Vestígios de Mim
Alerta | Gatilho Emocional
É entardecer, o céu tem uma cor peculiar. Exibe um vermelho quase rubro, todo o ambiente é colorido pela luz. O terraço cinza de concreto sério e severo parece estar coberto de sangue. Eu observo com a imobilidade perturbadora de uma estátua. Poderia ser facilmente confundido com um objeto decorativo estranhamente melancólico. O sol vagarosamente desaparece no horizonte sem uma nuvem sequer. Observo o sol, despedindo-me. O vento aqui em cima é forte, um descuido derrubaria qualquer um deste terraço. Inspiro o ar gelado para dentro nos meus pulmões. O barulho dos carros penetra meus ouvidos como um ruído cortante, apesar de distante, tornando minha decisão mais próxima e real.
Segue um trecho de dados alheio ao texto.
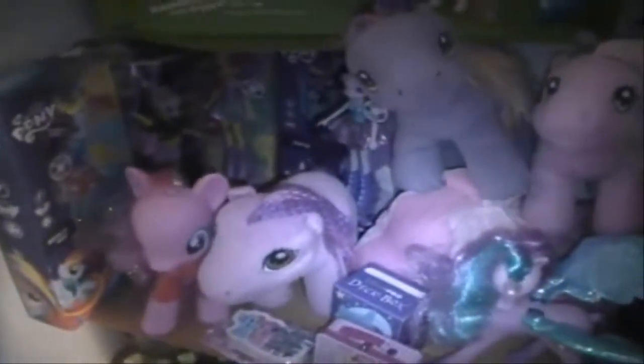Here is some Generation 3 plush. I have Sky Wishes, Rainbow Swirl, Pinkie Pie, and So-and-so. And then right here I have another Big Pinkie Pie right there. And then I have the Talking Princess Celestia right there, and right here I have the Princess Luna box. And then I also have the Toys R Us exclusive Rainbow Dash. And then I also have this Octavia plush. And that is everything that is on the top shelf.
Cada passo em direção à beira é um passo mais distante de tudo aquilo que construí ao longo da vida. Minha respiração fica cada vez mais pesada, coração palpita no peito e a adrenalina corre nas veias. Um misto de medo e certeza.
Um passo.
Em breve me libertarei dessa prisão.
Dois passos.
Não vejo a hora de escapar.
Três passos.
Deixarei esse mundo ignóbil.
Finalmente alcanço o limite e avisto a avenida. Subo na borda. Olho para baixo, tudo parece tão pequeno daqui. Os carros apressados e as pessoas inquietas não param de passar. Em breve estarei ali, cercado por um alvoroço, inerte em meio ao caos. Imagino meu corpo estirado na calçada, frio e desfigurado. Apenas reafirmo minha escolha. Amanhã estarei nos jornais, junto com as mais criativas especulações, se é que é permitido esse tipo de matéria, mas isso não importa. Hoje, ponho fim ao meu sofrimento. Nada nem ninguém poderá me impedir. Muito pensei a respeito e cá estou. Inspiro. Encho meus pulmões com todo ar possível. Encho meus pulmões com sentimentos. Solto o grito mais alto que consigo. Ninguém pode me ouvir daqui. Ninguém pode me alcançar. Grito como se houvesse uma faca enfiada nas minhas costas. Eu não alcanço. Não há nada a fazer. Não posso fazer absolutamente nada. Apenas sinto a lâmina dura e gélida mexendo aqui dentro. O metal arde em contato com a minha carne. Todo movimento dói. Qualquer ausência de movimento dói da mesma forma. Carrego facas da vida a todo momento. Facas e facas infindáveis. A dor nunca cessa. Hoje as arranco de mim. Talvez eu não as arranque, mas certamente irei parar de senti-las, e isso já é suficiente. Grito até não sobrar mais oxigênio. Fico ofegante. Inspiro. Expiro. Inspiro. Expiro.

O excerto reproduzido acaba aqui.